This post is essentially my attempt to answer some of the concerns presented in this opinion posted in HN. The author has likened the success of React with the success of Java, exemplifying how time again, what (s)he identifies as worse technology, has been pushed to a higher popularity rather than more competent alternatives available.
I have been learning new technologies pretty much continuously. It's not impossible, especially if you follow sites like Hacker News, to keep a finger on the direction of the industry, and then try to stay on top of the next new hot technology of the year.
But I hear you on the "worse" technology sometimes winning. You mentioned Java; it was worse than just about all other major contenders, and is only finally losing popularity.
On a current technology fad: React seems to be designed to ignore 40 years of accumulated software best practices.  Separation of concerns? Who needs that any more? And the rationale for it is that it allows teams of 100 developers work together on an app.
Well, separation on concerns is a good thing to have. But only when the concerns actually translate to different responsibilities and not when they are multiple facets of the same problem.
The upcoming Web Component technology is fueled by the widespread need for true component oriented building blocks and popularity of frameworks like Google Polymer highlights it very well.

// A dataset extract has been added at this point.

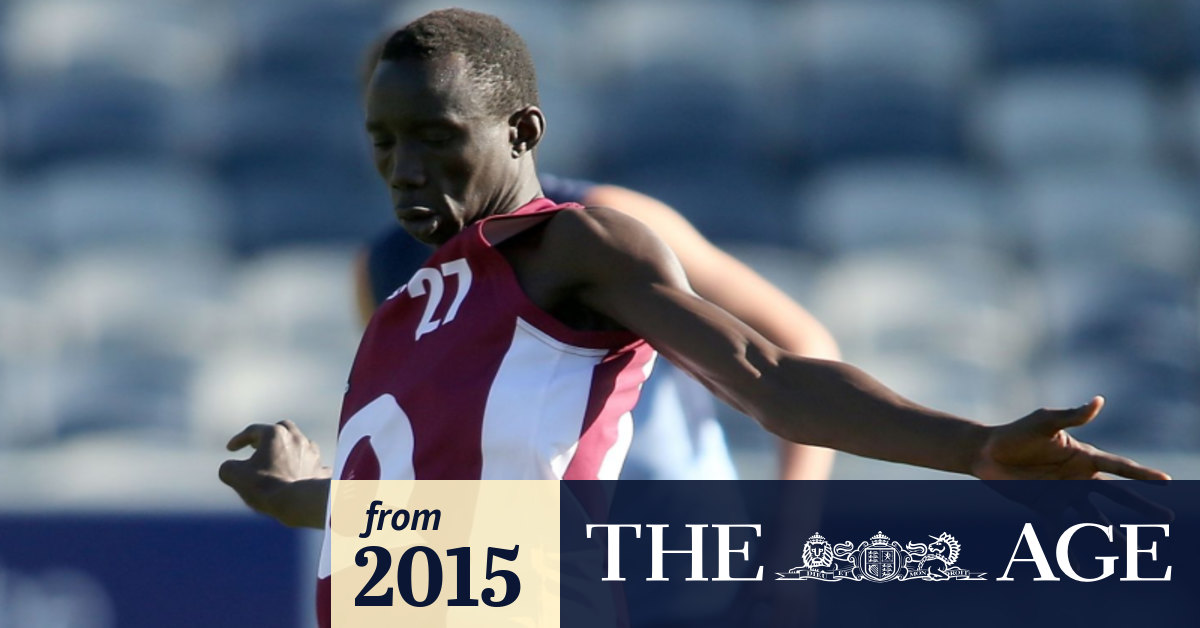 Afl Draft 2015 Sudan Born Mabior Chol Puts Family First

Open standards? Nah, how about lock-in to custom language extensions that will prevent you from migrating your code to the next web standard! Much better.
The reasons for not using an open standard like web components have been explained by the React team:
It has turned out that the spec is incomplete with regard to things like event delegation and there are still major changes being pushed from various sides, such as Mozilla. What was in Polymer/Chrome is not the final incarnation so we've had to revert some of the support that we already added (e.g. support for event handling in shadow trees).

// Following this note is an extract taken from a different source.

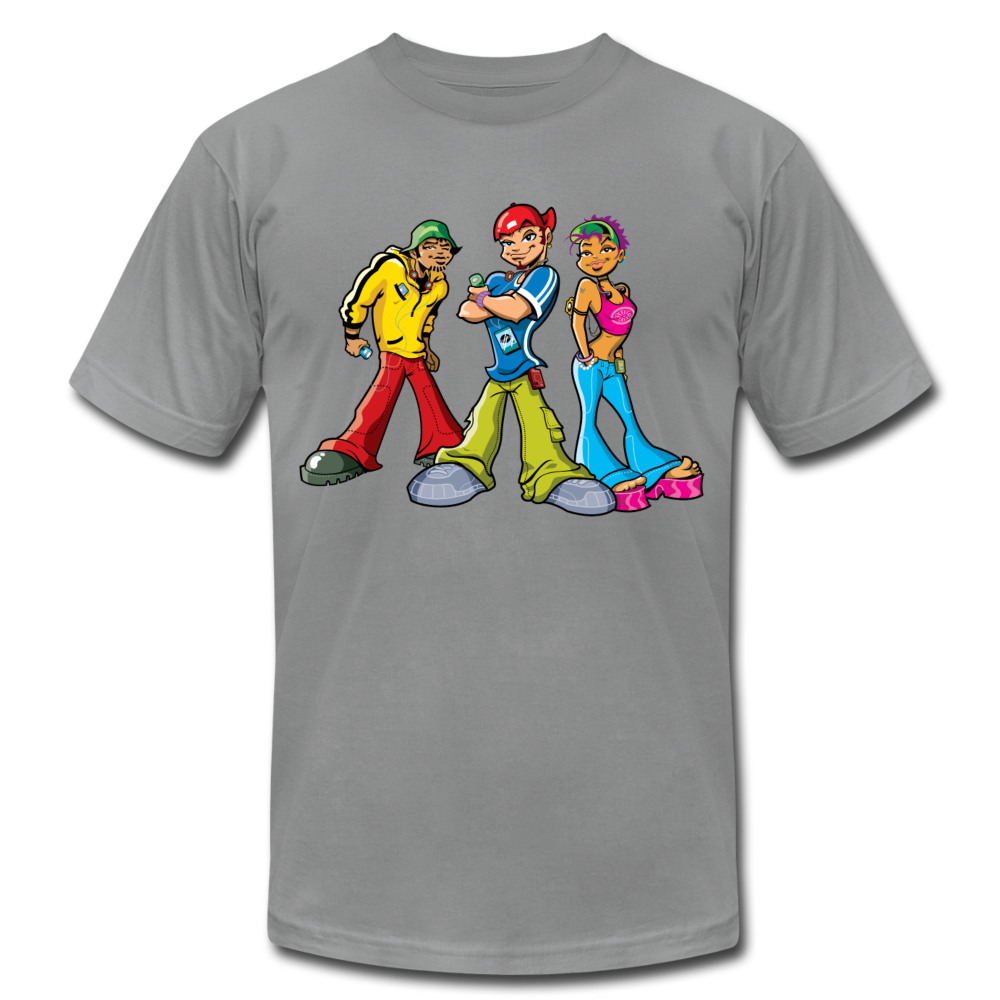 Hip Hop Cartoons T-Shirt - slate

In terms of strategy, we'll go forward with as if it didn't exist and try to improve interop at the React or React-like component layer instead. I've talked with members of other popular UI frameworks and they seem to feel the same. In fact, we probably have a better chance at implementing solid interop in user land.
In fact there already exist some resources for working with React and Web-components in same application.
Attempts towards seamless incorporation of XML in ecmascript is not a new idea. Actionscript has had that since ages. While E4X is an open standard, pragmatic reasons have been put forward by React team for not embracing it entirely:
All the code is not going to be converted to E4X right away. There's going to be a transition phase where E4X and non E4X code will have to co-exist. The fact that the objects E4X generates are not accessible from non E4X code means that none of the libraries ever written can work with E4X structures.
And how many app teams have 100 or more active developers? Probably fewer than a dozen, and I submit that none of them probably should. Certainly not the Facebook app: It has a lot of features, but not that many features, and yet it has a 150Mb footprint.
When I hear things like that, I can't help but fill in "junior" or "mediocre" in front of "developers." React helps to prevent people from breaking each others' code when you have bloated development teams filled with junior developers. React has some cool ideas, but all told I think it's a step backward for software engineering, and certainly isn't as much of a help for small teams, especially if you want to have a CSS/SCSS/LESS expert styling your product without having to dig through JSX files, for instance.
In a small app with a small team, there is little use for any framework at all, but software applications have this uncanny tendency to unexpectedly grow large depending on changing requirements, expanding scope. Given the above, I would certainly feel more comfortable working on a system where I can change the appearance of a component with confidence that will not introduce subtle changes in totally unrelated parts of my application, probably parts that I know nothing about.
While yes, there are fewer teams that have 100 or more active developers, but high churn rates are an unavoidable problem especially in the startup ecosystems. While a competent developer will certainly be able to jump into an unknown codebase and in due time figure out his/her way - but if the codebase is structured around best practices distilled by the community the time required in the same is drastically reduced. Optimizing the process around that seems like a very good idea.
Adding to the problem is that automated regression testing of CSS is time consuming and error prone. While there are solutions I think the crux of the problem is that our current styling system is a broken technology - globally shared stylesheets are evil and technologies like Radium are steps in the right direction.
While it isn't like we have not tried to solve this problem before, I am really glad to see practical alternatives to stylesheets gathering traction.
I agree, much has been written about these benefits, and the availability of alternatives is not exactly a secret either. I don't have much to add.
Back to the original point, though: You can stay on top of the Hot New Technologies, but when there are good technical reasons to use alternate technologies, stay on top of those as well. And then explain clearly to your clients (or employers) why the current fad is a fad, and how to get the key benefits of that stack without its drawbacks. Oh, and choose clients (or employers) who will listen to strong technical arguments. :)
While I disagree with the primary premise, this is a very strong and sound advise. I whole-heartedly agree that solutions should be rationally vetted and benchmarked before being put to use. I hope that arguments I have presented above are perceived as rationally just. Any comments or suggestions are more than welcome.